Input section start
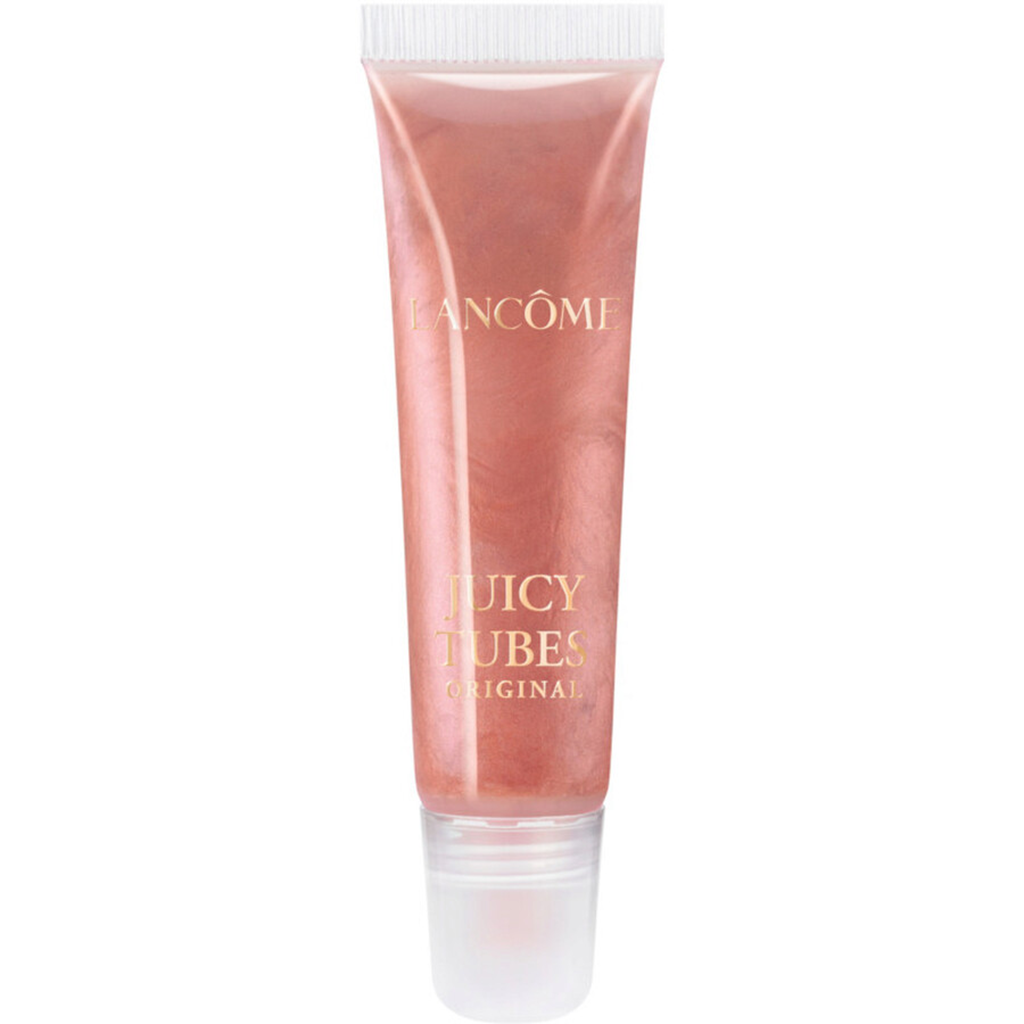 Juicy Tubes Original Lip Gloss 15 ml-5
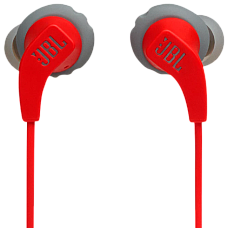 Earphones  Bluetooth  JBL Endurance..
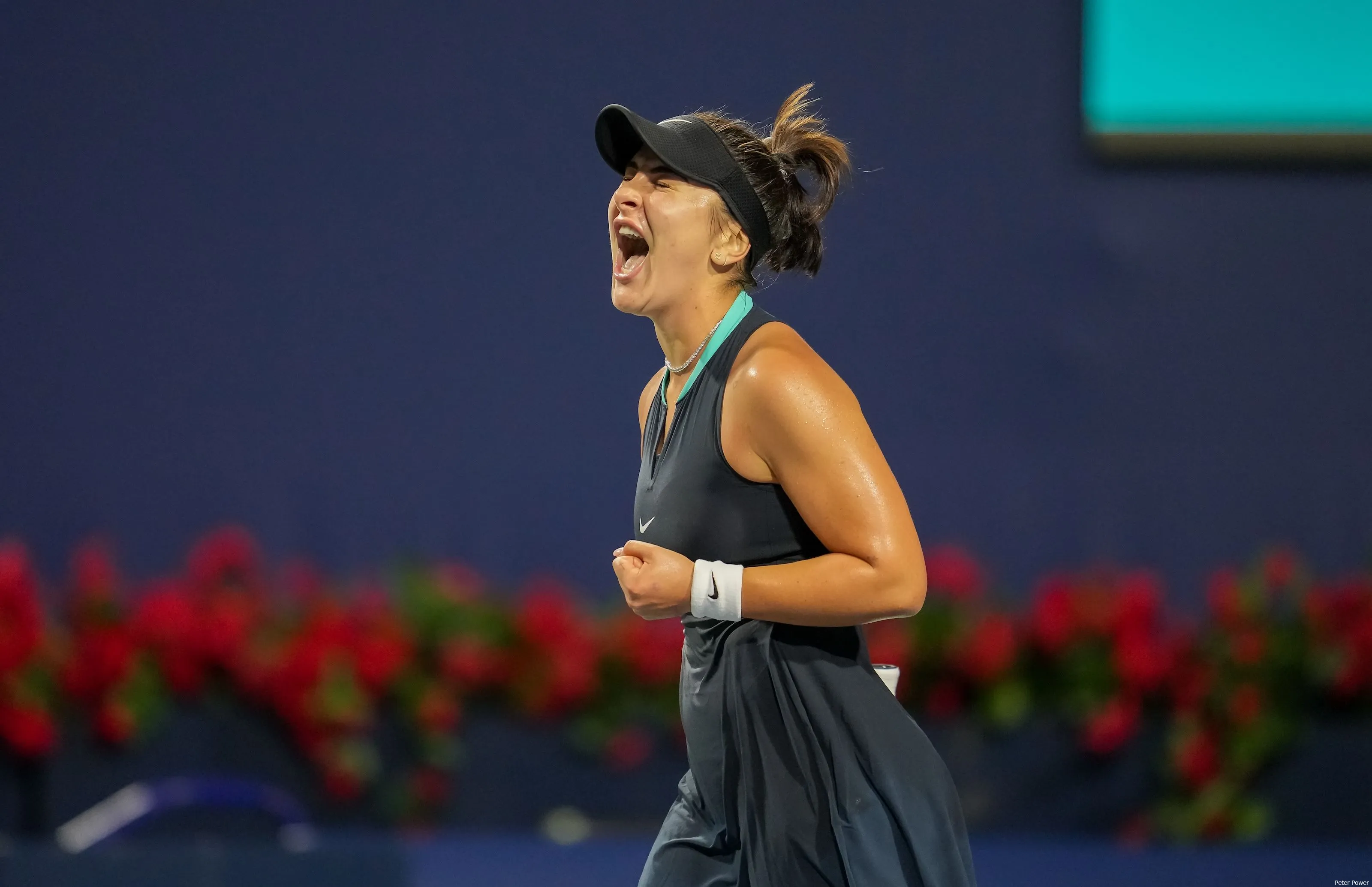 andreescu bianca canada24 peterpower2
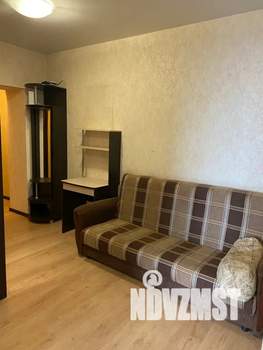1-к квартира, посуточно, 60м2, 9/10 этаж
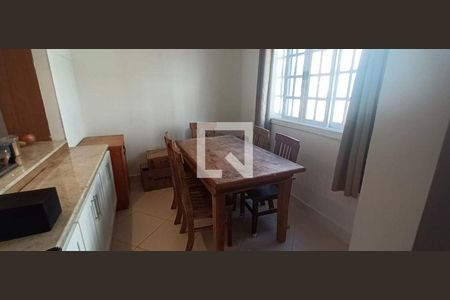 Casa à venda com 2 quartos, 89m² em Morumbi, São Paulo
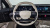 Kia K8 2.5 Gasoline 2WD, 2025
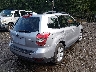 JF2SJAFC4GH****** Salvage and Wrecked 2016 Subaru Forester in Maryland State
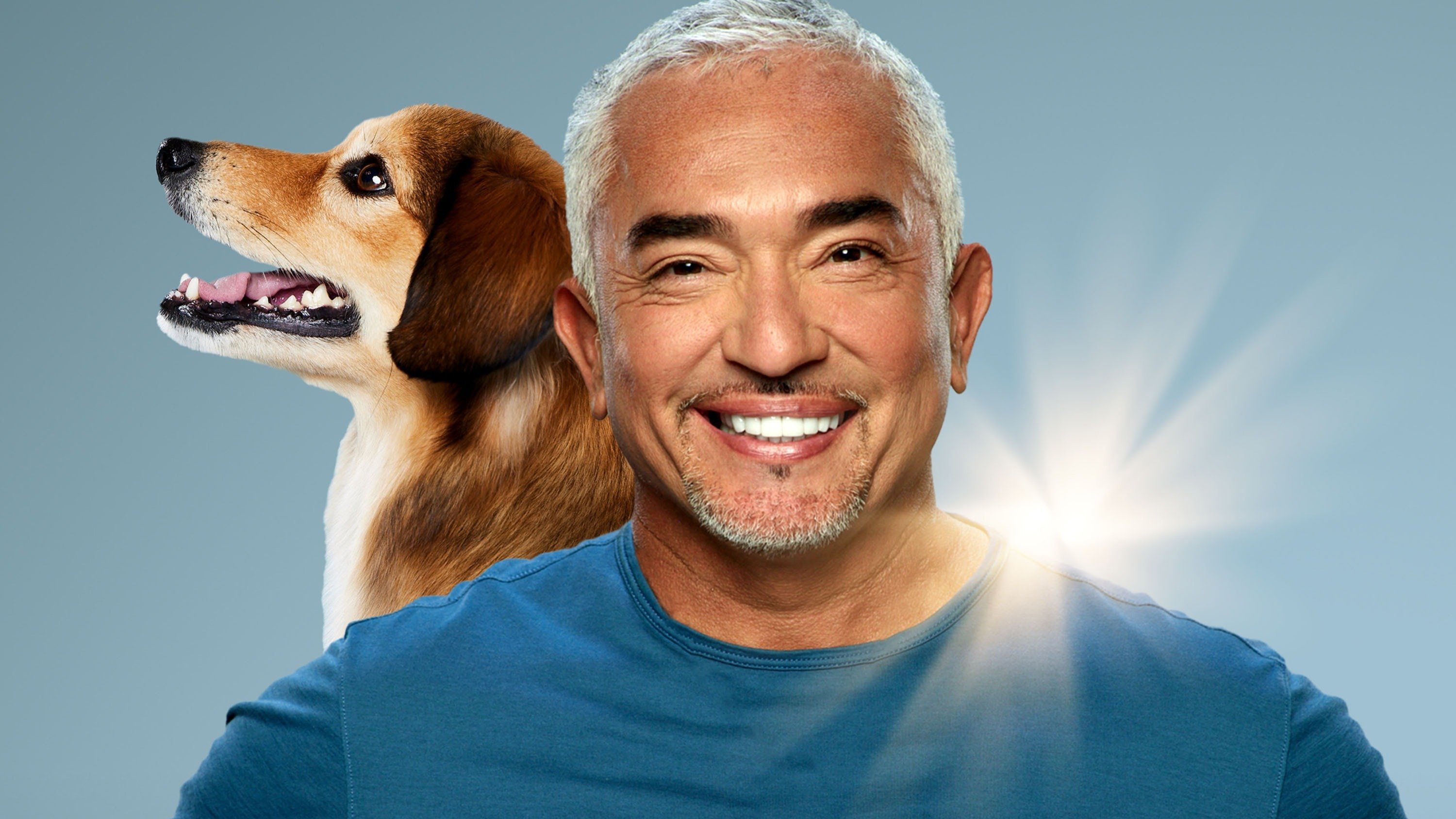 Click to play poster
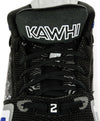 NEW-BALANCE-Scarpa-Alta-Uomo-Kawhi-Black/white/blue/red-da-uomo
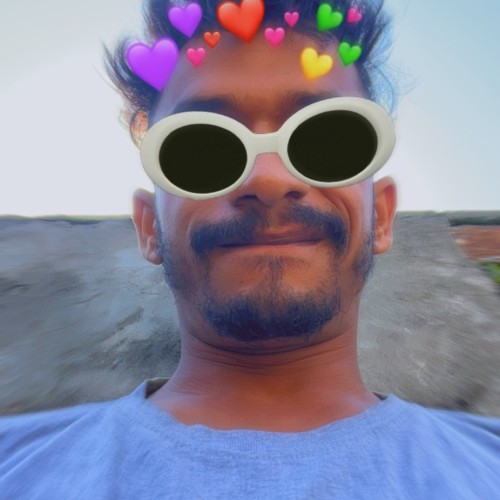 Munish A. profile photo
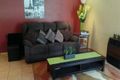 Property photo of 24/228 West Coast Highway Scarborough WA 6019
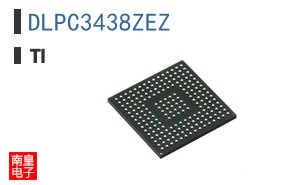 DLPC3438ZEZ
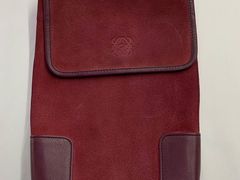 -革瑞斯奢侈品包包护理(温哥华店)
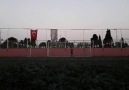 Berat Taş - CROSSBAR CHALLENGE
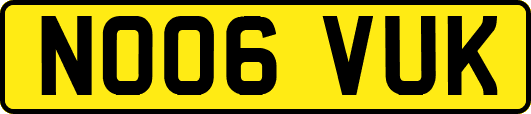 NO06VUK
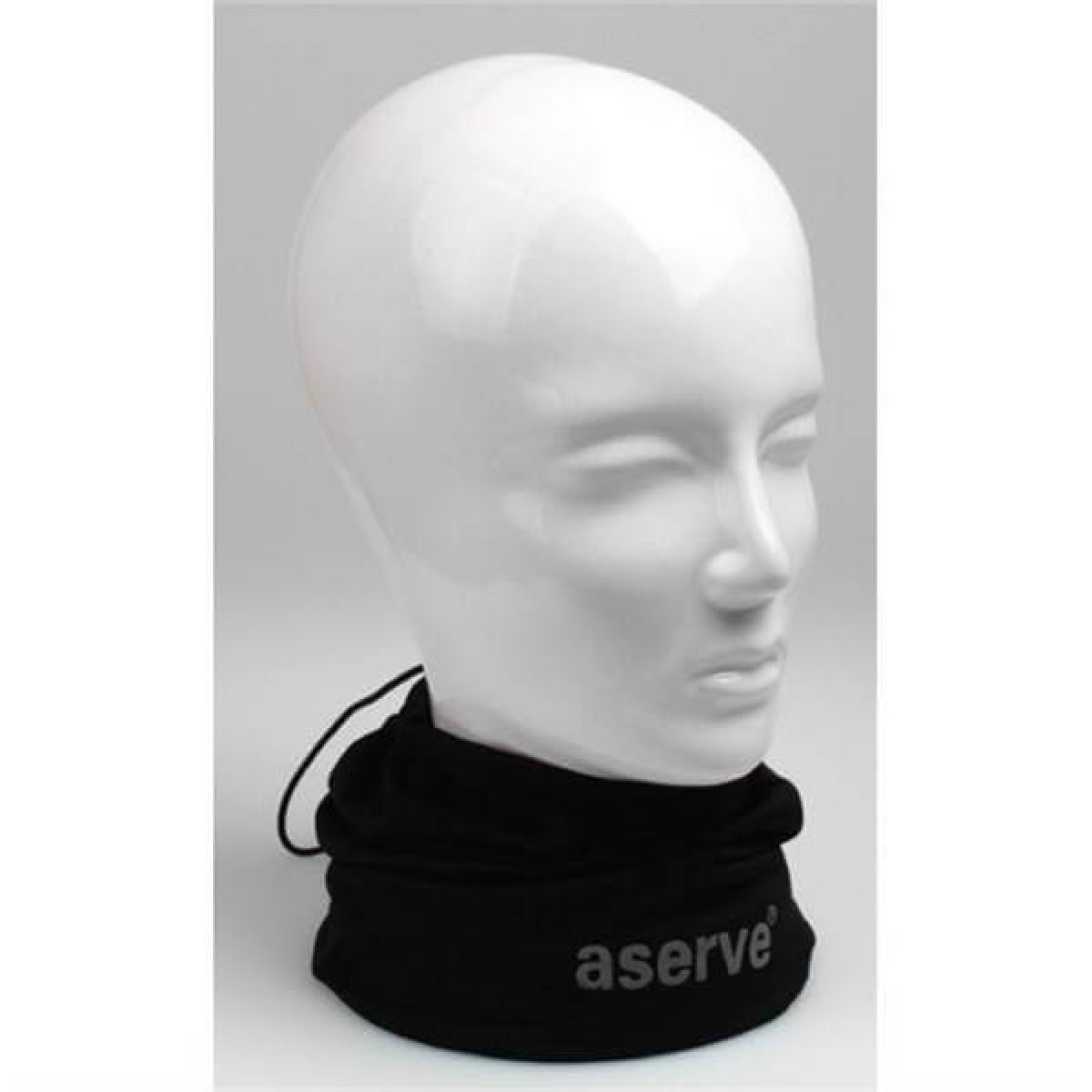 Aserve halsedisse 4093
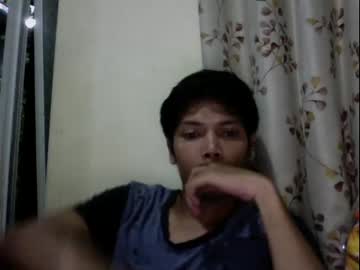 [23-10-22] aditya0988 record premium show video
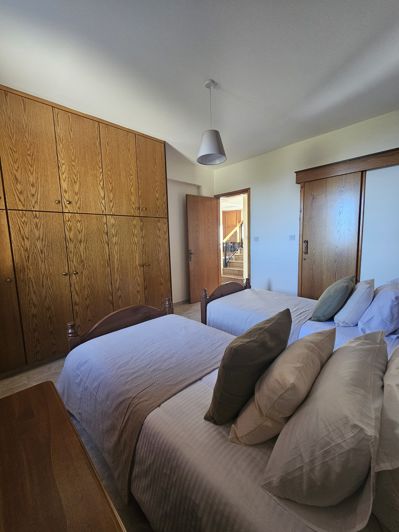 Image No.16-Villa de 3 chambres à vendre à Lysos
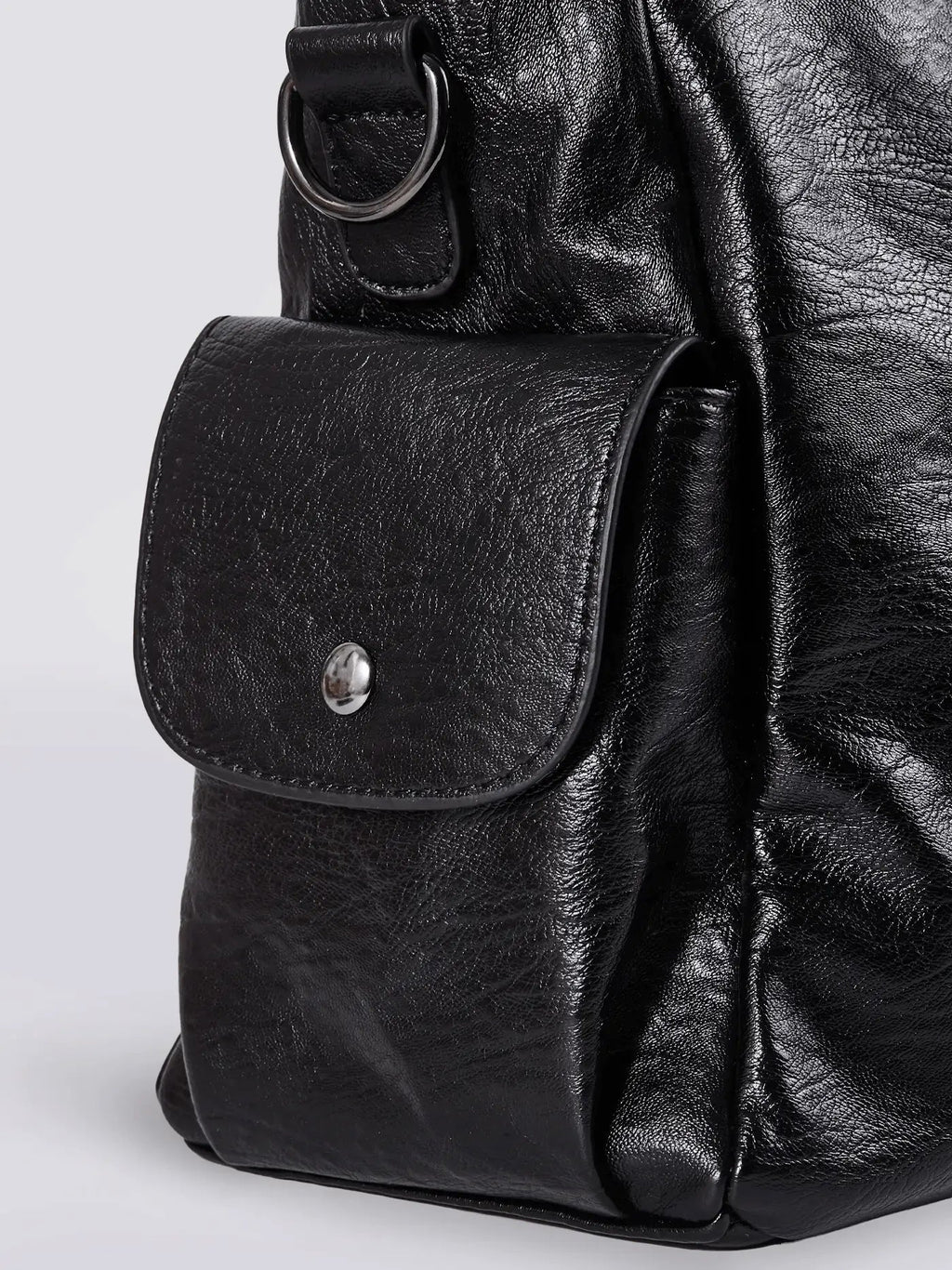 Élégancia™ – Sac Cabas Urbain pour Femme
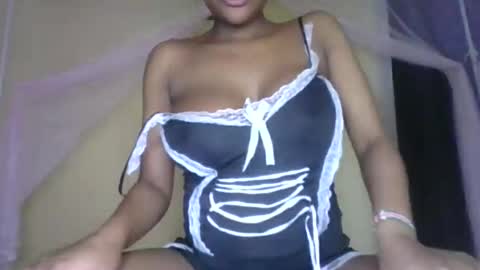 Janet online show from 10-23-25, 05:40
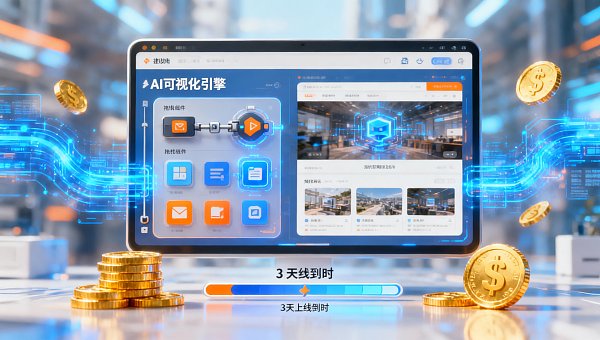 石家庄网站建设选型必看:Eyingbao智能建站价格 vs 传统定制开发【3大成本维度对比】 石家庄网站建设选型必看:Eyingbao智能建站价格 vs 传统定制开发【3大成本维度对比】
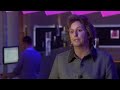 Cisco Systems Corporate Video
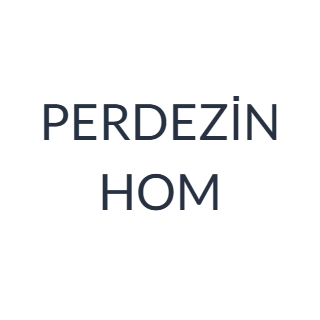PERDEZİN HOM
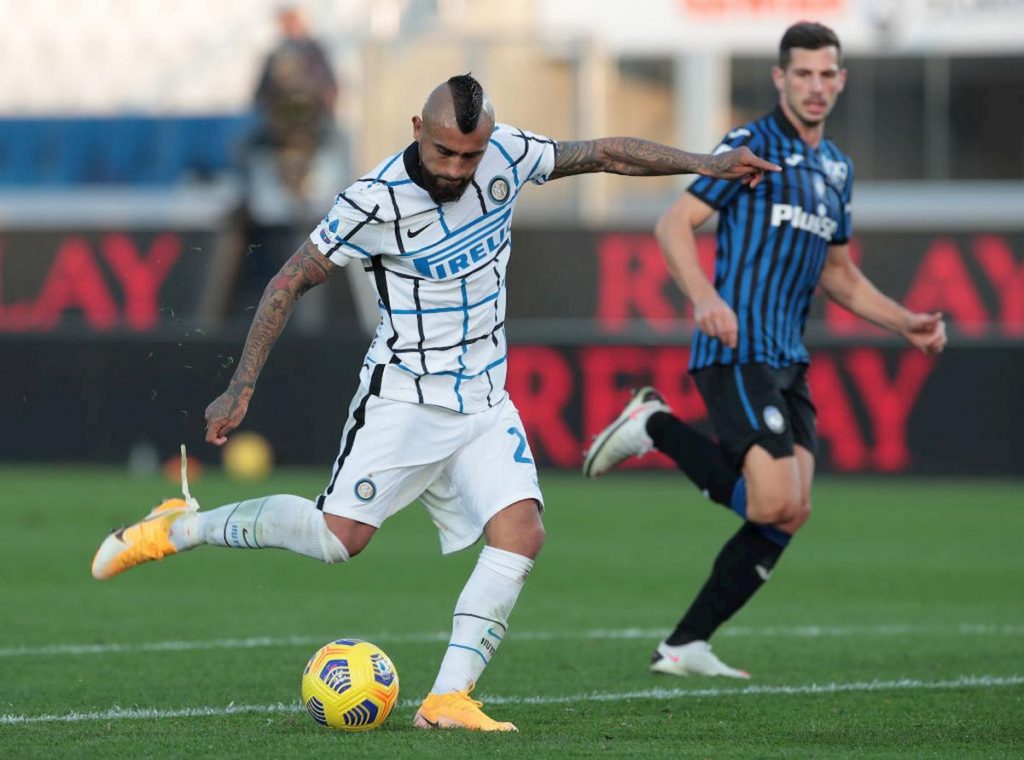 vidal-carica-combattiamo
Input section end
→ Instructions to follow:
Above are records with pictures. Reproduce exactly only the lines from the line with "andreescu bianca canada24 peterpower2" through the line with "Janet online show from 10-23-25, 05:40", both ends included, and leave the pictures out.

→ Response to this exercise:
 andreescu bianca canada24 peterpower2
1-к квартира, посуточно, 60м2, 9/10 этаж
 Casa à venda com 2 quartos, 89m² em Morumbi, São Paulo
 Kia K8 2.5 Gasoline 2WD, 2025
 JF2SJAFC4GH****** Salvage and Wrecked 2016 Subaru Forester in Maryland State
 Click to play poster
 NEW-BALANCE-Scarpa-Alta-Uomo-Kawhi-Black/white/blue/red-da-uomo
 Munish A. profile photo
 Property photo of 24/228 West Coast Highway Scarborough WA 6019
 DLPC3438ZEZ
 -革瑞斯奢侈品包包护理(温哥华店)
 Berat Taş - CROSSBAR CHALLENGE
 NO06VUK
 Aserve halsedisse 4093
 [23-10-22] aditya0988 record premium show video
 Image No.16-Villa de 3 chambres à vendre à Lysos
 Élégancia™ – Sac Cabas Urbain pour Femme
 Janet online show from 10-23-25, 05:40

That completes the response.